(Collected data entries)
====

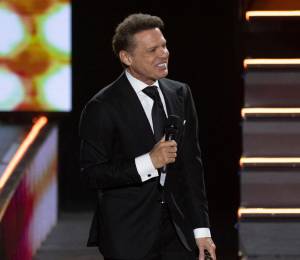 La publicación señala que el cantante se recupera favorablemente junto a Paloma Cuevas.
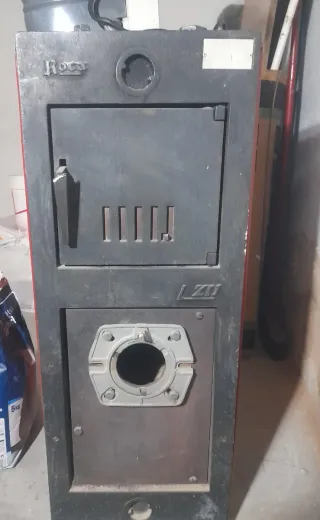 Caldera de Gasoil y Leña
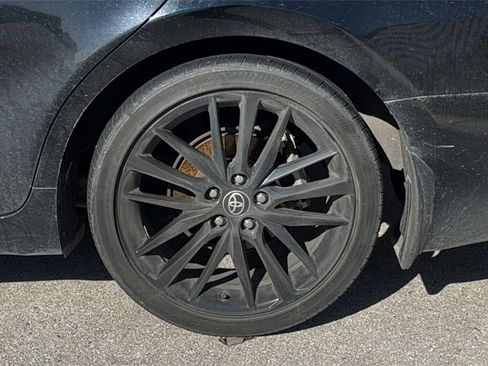 Used 2021 Toyota Camry XSE image 7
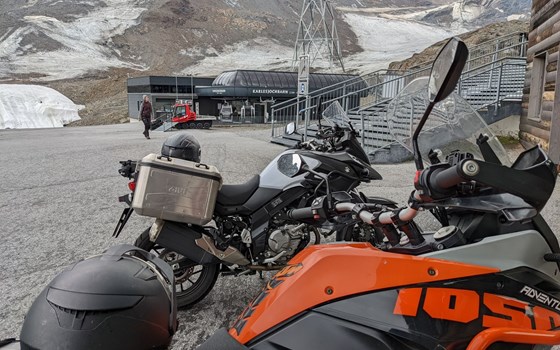 Gebrauchtmotorrad KTM 1050 Adventure - Bild 2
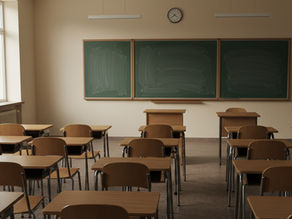 Sala de aula vazia em escola pública, simbolizando os desafios da educação no Brasil.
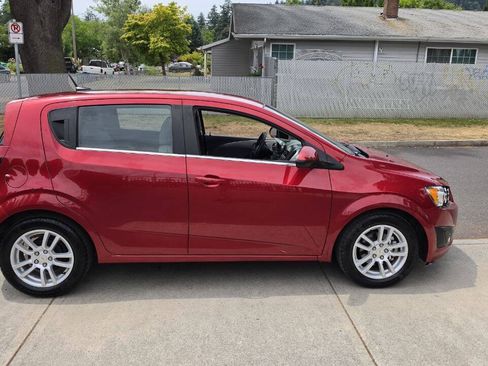 Used 2012 Chevrolet Sonic LT FWD image 6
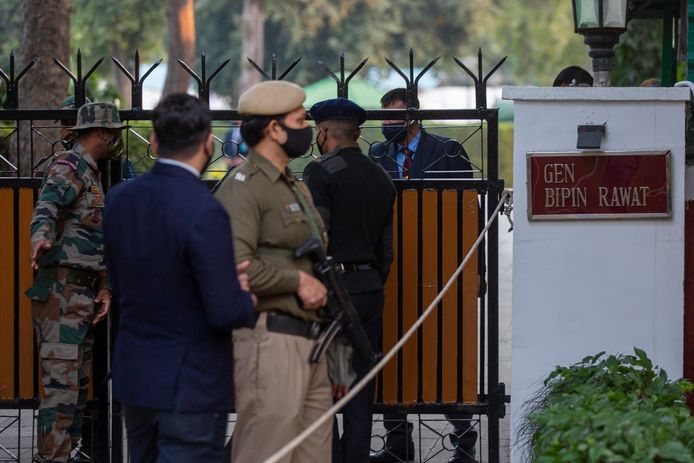 De Indiase politie aan de woning van de defensiechef, generaal Bipin Rawat.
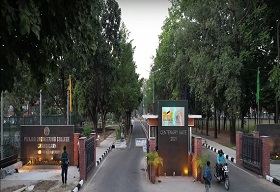 Punjab Engineering College signs MoU with Cadence to provide VLSI training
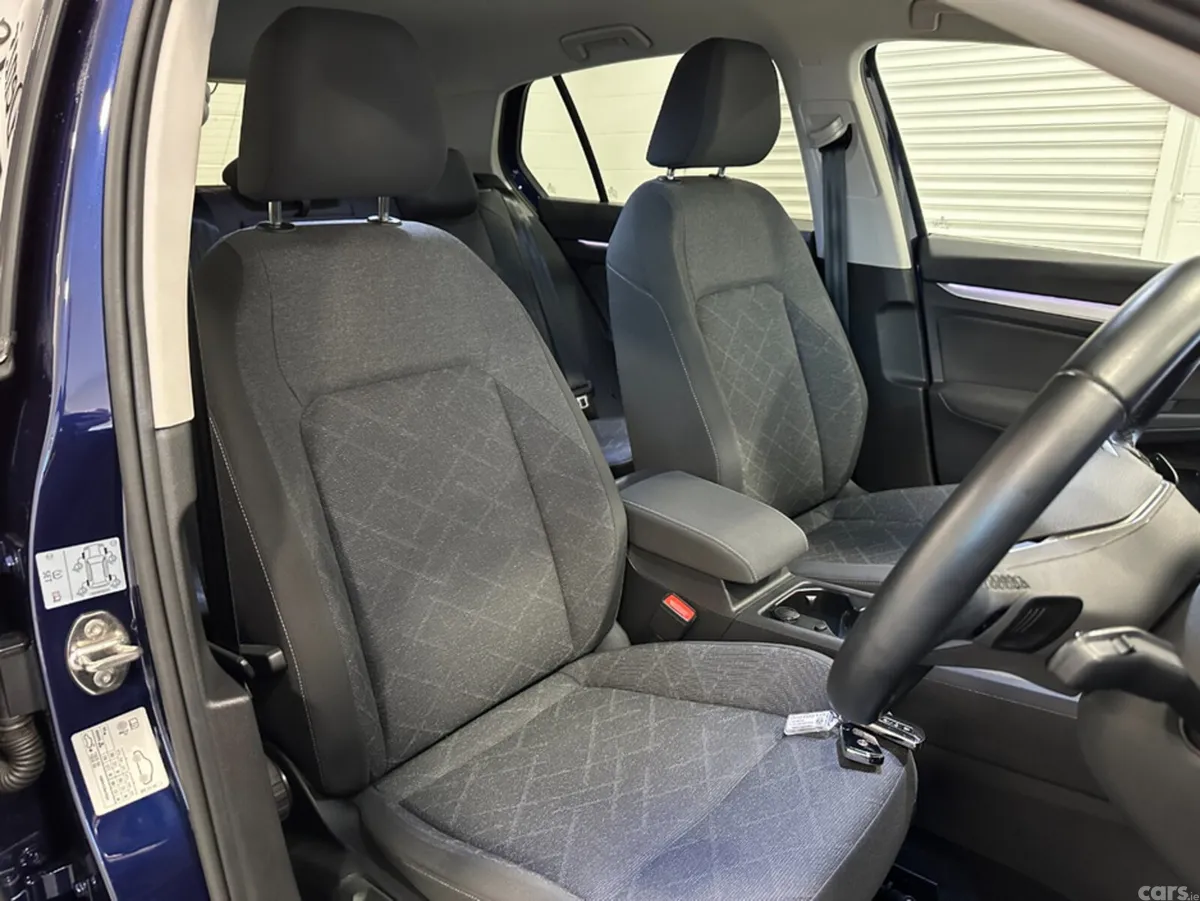 Volkswagen Golf Hatchback, Petrol, 2022, Blue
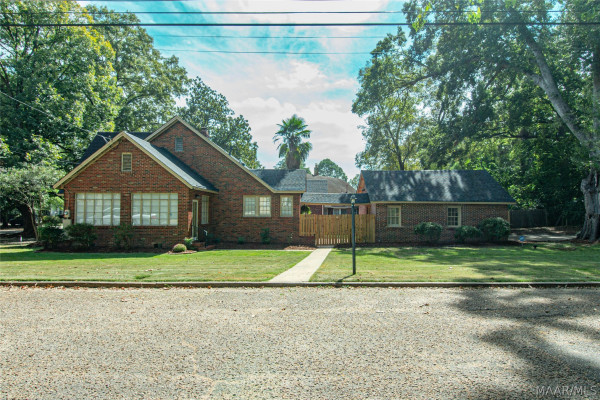 1355 Magnolia Curve
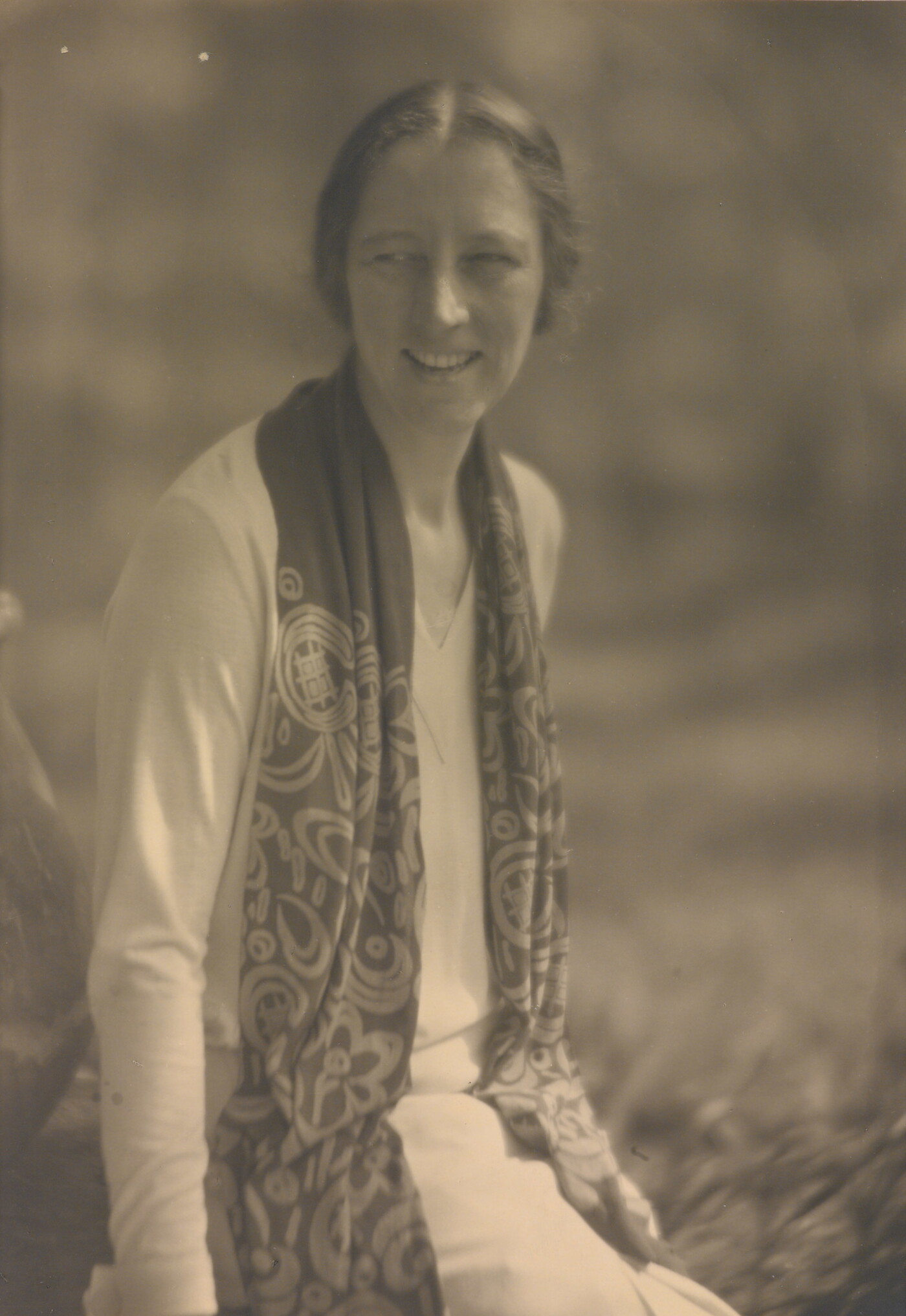 Clara E. Sipprell (1885-1975) :: [Woman in long scarf],  ca. 1930-1960. Gelatin silver print. Amon Carter Museum of American Art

====

§ **EXERCISE INSTRUCTIONS**:
Beginning with the line above that contains "Gebrauchtmotorrad KTM 1050" and finishing with the line that contains "1355 Magnolia Curve", print those lines exactly and only. Skip all pictures.

§ **RESULT FOR THIS TASK**:
 Gebrauchtmotorrad KTM 1050 Adventure - Bild 2
 Sala de aula vazia em escola pública, simbolizando os desafios da educação no Brasil.
 Used 2012 Chevrolet Sonic LT FWD image 6
 De Indiase politie aan de woning van de defensiechef, generaal Bipin Rawat.
 Punjab Engineering College signs MoU with Cadence to provide VLSI training
 Volkswagen Golf Hatchback, Petrol, 2022, Blue
 1355 Magnolia Curve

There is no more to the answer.